One time Scott was taking his niece Renee for a ride through Times Square in a pedicab. They’d just seen a Broadway show. He leaned back in the rickshaw and stared at all the lights around him, the neon, huge TV screens, advertisements several stories high. Scott’s been a New Yorker a long time now, but living in the East Village he rarely does touristy things like Broadway shows or gaping at the electric splendour of Times Square, yet to his surprise he was loving it. From ground level, from the middle of the street, without having to crane his neck upwards, he could see how extraordinarily beautiful it was.
He sat in wonder staring, while Renee talked animatedly about the show and consulted her program. "Isn’t it gorgeous?" he asked her at last. She looked up, the briefest flick of her eyes, said "yeah," and continued to talk about the show. She was still caught in the wonder of the live show she’d just seen, unable to catch a glimpse of the sublime Scott had caught in the lights above them.

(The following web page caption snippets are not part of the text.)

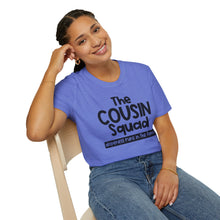 Load image into Gallery viewer, Cousins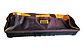 Bolso Industrial Porta Herramientas Ingco Htbg09 Color Único Color - Miniatura 3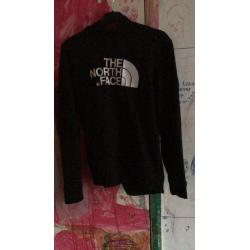 The Northface Hoody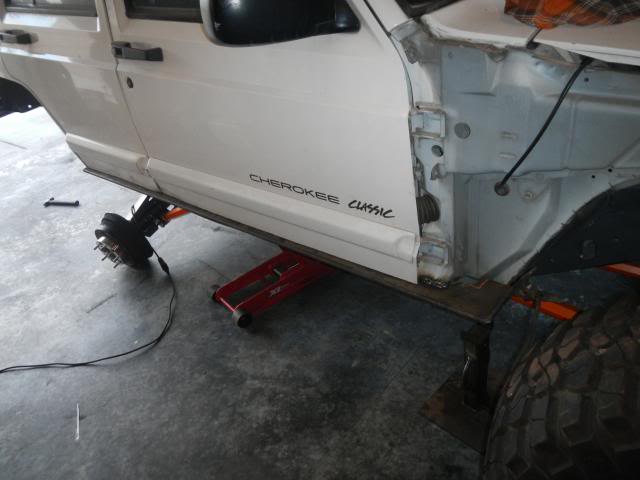 Name:  DSCN0387_zps8815beb5.jpg
Views: 71
Size:  31.5 KB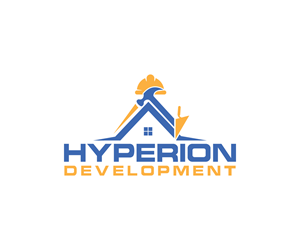 Logo-Design von Spark  Design für dieses Projekt | Design: #34912924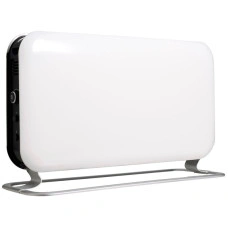 Конвектор Mill CO1200WIFI3 белый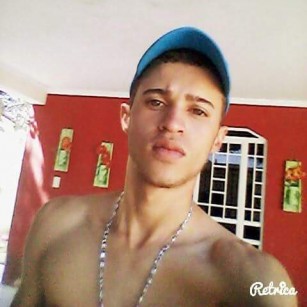 morte2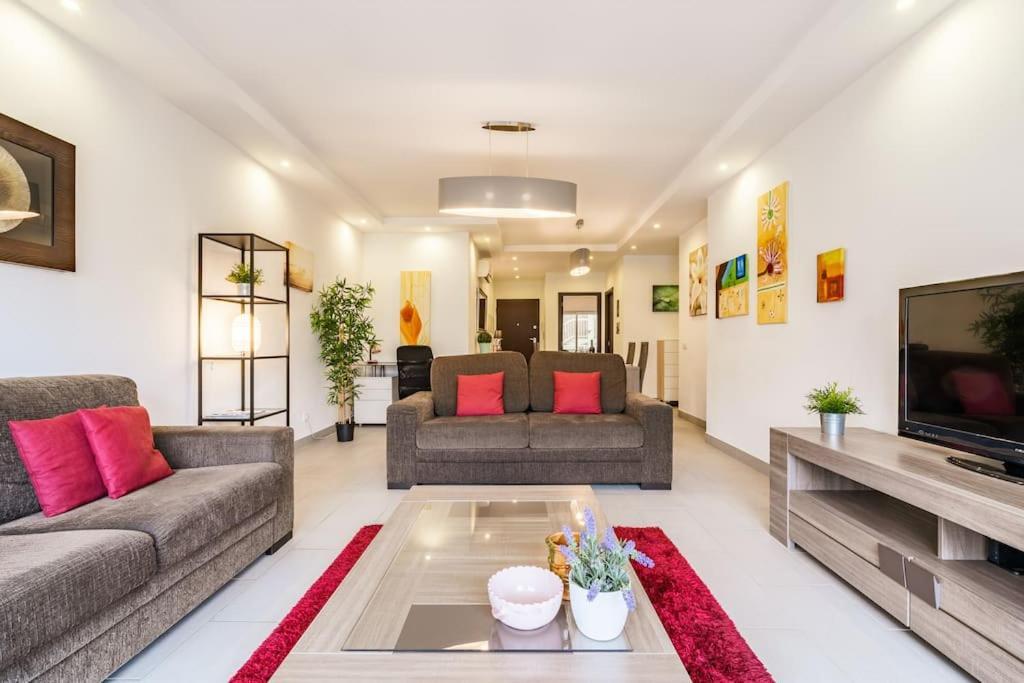 Apartment Albufeira, Old Town - Verasol N *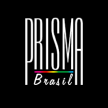 Logo Parceiro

When I was fifteen my best friend, Emma Winley, and I would sometimes lie down in the middle of her floor to listen to music, closing our eyes, and then at the end of each song talking about what we saw. I’d lose myself in the lyrics, imagine who those people were, what was happening to them in that slice of life covered by the lyrics of the song, what happened afterwards. Emma was much more impressionistic, caught in the rhythms and melodies, hardly hearing the words at all. We never saw the same thing and it made us giggly happy.
Another friend of mine, Rebecca
Skloot, recently had a lovely
article in the Times about a town in West Virginia
where she often goes to write. Here’s what she says about her favourite
restaurant in town:
"To call Baristas a restaurant would be a serious understatement. It is a restaurant, but it’s also a barbershop. And a coffeehouse. And, of course, a massage parlor. . . . You can eat in the basement pub, with its low oak ceiling and stone walls. You can eat on the patio overlooking the Ohio River, in the garden next to the hibiscus plants or in the café surrounded by walls of local art. You can get a haircut or a bona fide Swedish massage while you wait, then sit at a table covered in quotes from Camus or Malcom X."

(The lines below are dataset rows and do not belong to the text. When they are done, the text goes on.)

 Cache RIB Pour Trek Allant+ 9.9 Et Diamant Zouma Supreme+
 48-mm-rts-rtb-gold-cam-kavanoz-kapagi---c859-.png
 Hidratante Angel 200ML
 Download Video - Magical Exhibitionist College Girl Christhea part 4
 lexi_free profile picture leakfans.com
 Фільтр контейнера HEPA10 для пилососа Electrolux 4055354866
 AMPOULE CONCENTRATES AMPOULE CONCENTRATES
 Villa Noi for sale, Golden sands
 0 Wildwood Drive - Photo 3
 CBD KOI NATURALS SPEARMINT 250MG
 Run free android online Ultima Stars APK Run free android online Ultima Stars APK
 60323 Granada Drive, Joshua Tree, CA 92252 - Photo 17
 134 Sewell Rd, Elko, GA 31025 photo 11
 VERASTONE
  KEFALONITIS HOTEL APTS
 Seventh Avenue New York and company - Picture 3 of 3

According to Rebecca the food there is wonderful, made from all
local, fresh ingredients. The Baristas’ hamburger is the best she
has ever eaten. But the most popular restaurant in town is a Bob
Evans. There are 576 Bob Evanses in 21 states across the USA and
they all look exactly the same with identical menus and identical
methods of serving the food. The meal you have at the Bob Evans
in New Martinsville, West Virginia is exactly the same meal you’d
have in "Orlando, St Louis or Baltimore."
Rebecca ate at the New Martinsville Bob Evans several times, sampling a variety of dishes and being underwhelmed by them all. She simply didn’t get it. After talking to some of the folks who loved it so, she started to get an inkling. They valued its lack of surprises, its sameness. After a few days she retreated back to Baristas wondering what made her a Baristas person and the others pure Bob Evans?

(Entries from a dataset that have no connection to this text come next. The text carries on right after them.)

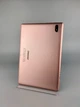 Планшет 10.1" DMOAO D3 4+4/64Gb 8 ядер Android 12 6000 mAh Розовое золото Б/В - изображение 8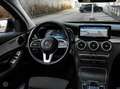 Mercedes-Benz C 160 Business Solution | Multibeam LED | Stoelverwarmin Negro - thumbnail 13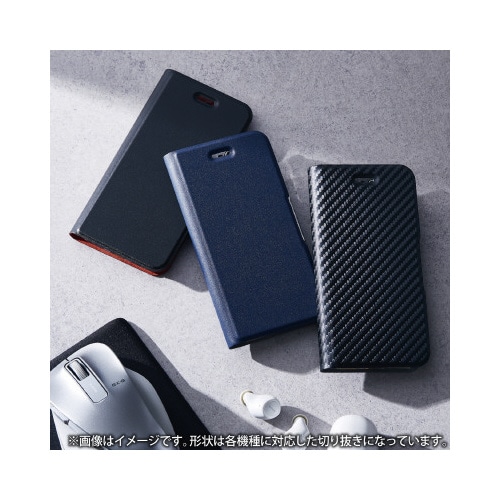 エレコムPM−S226PLFUBK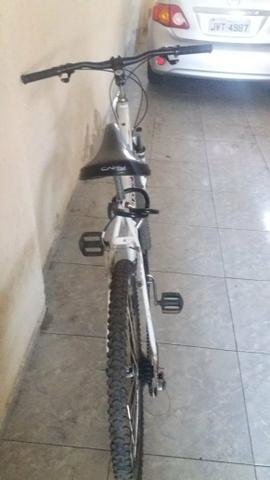 Bicicleta - Foto 3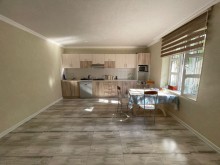 villa house for sale Baku city, VOROVSKI, -13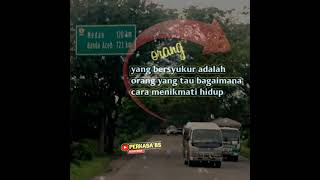 Download lagu story wa sopir truk 2021 mp3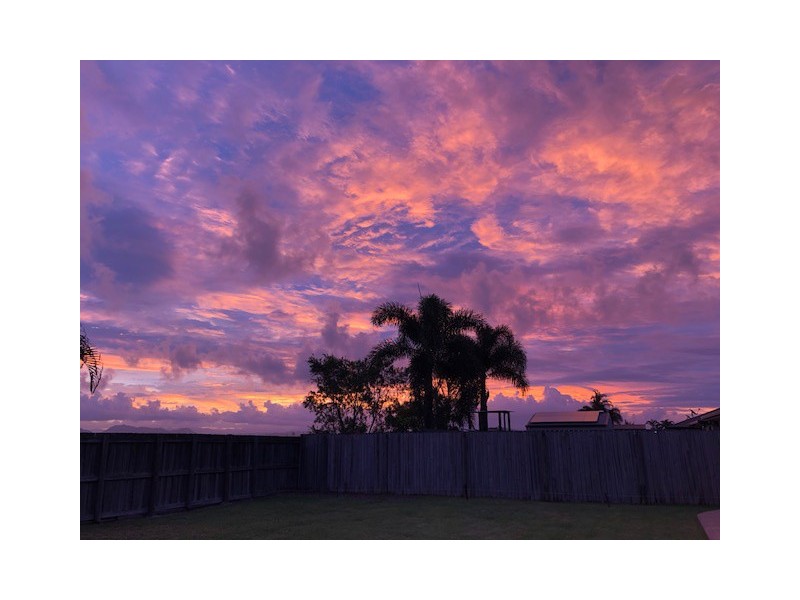13 Peacock Pl, Marian QLD 4753
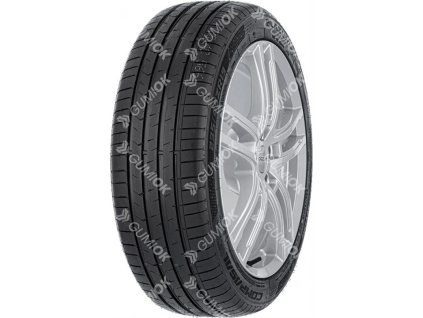 2d74b271021decd780458116c33627f4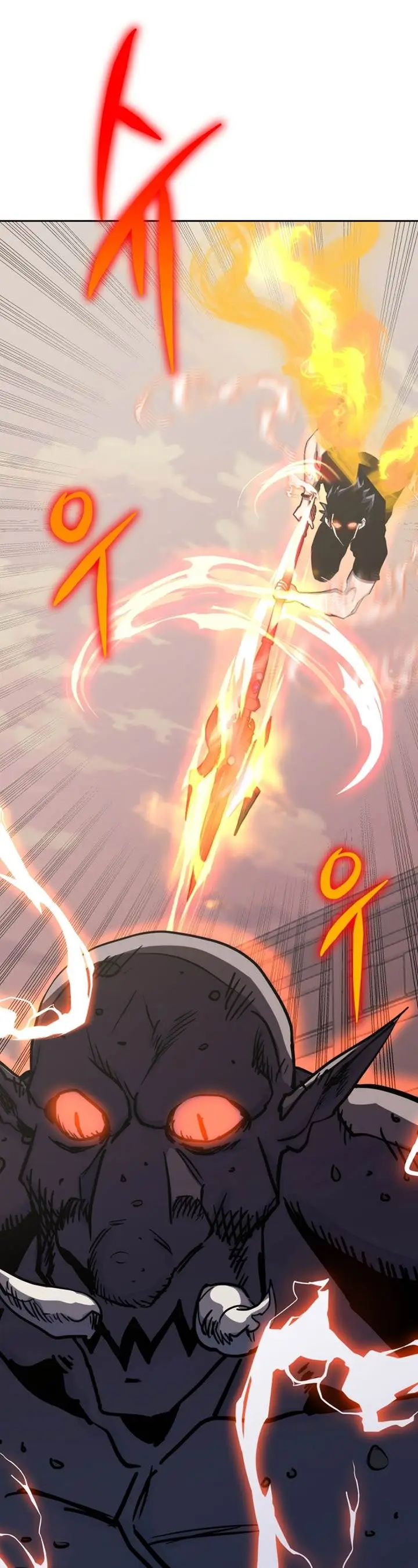 image-komik-player-from-today-onwards-chapter-101-4/52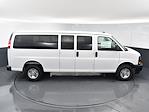 2025 Chevrolet Express 3500 RWD, Passenger Van for sale #FR2275 - photo 35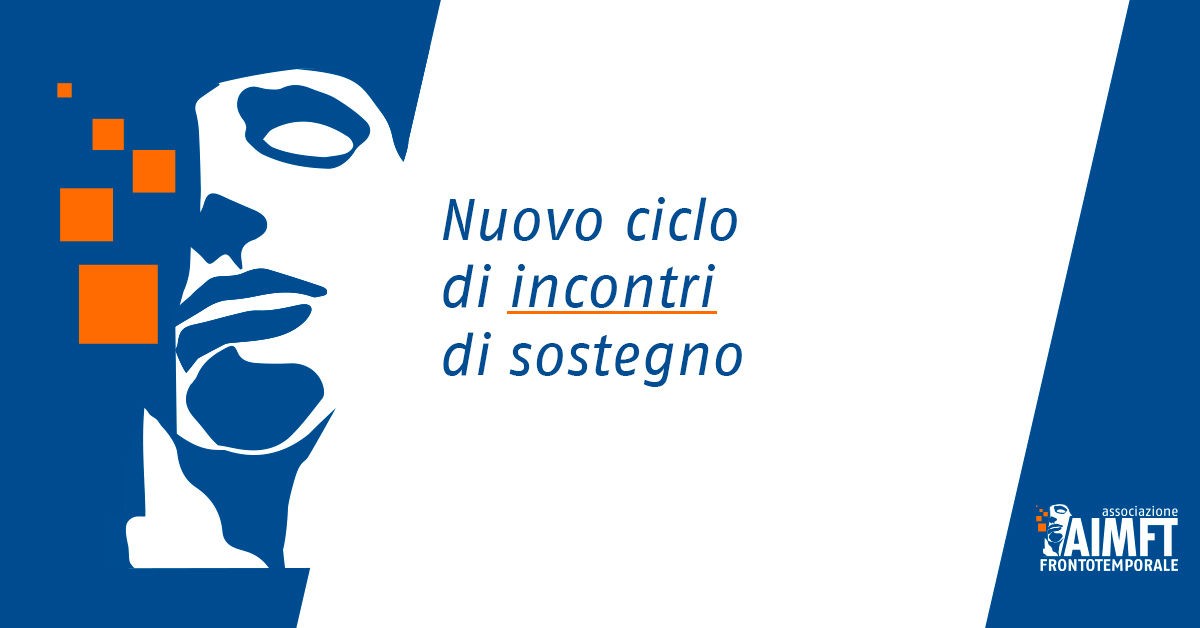 IncontriSostegno_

I’m all for different perspectives, different ways of living, of seeing the world. One of the glories of being in other places is seeing how varied the world is. I’m so relieved Buenos Aires isn’t exactly like Sydney. That there are places where people don’t know who Elvis is. Spending time in the US I am thrilled every time I discover pop cultural memories the yankees have that I don’t. Growing up in Australia I always thought I knew all about the USA, I could name all the states, knew a tonne about its music and movies and literature, but I didn’t, not even close. I still don’t really know this country, I probably never will. That makes me happy.
But the gulfs. All those Bob Evans people and Baristas people living in the same towns, same cities, sometimes shopping in the same stores, or going to the same churches, who can’t talk to each other, or if they do, can’t make any sense of what the other says. Whose different worlds are so completely incompatible there’s no room for each other in them. That makes me sad.
New York City, 3 November 2004
(Updated: 18 Jan 06 to correct factual errors. Thanks, JKC for pointing them out.)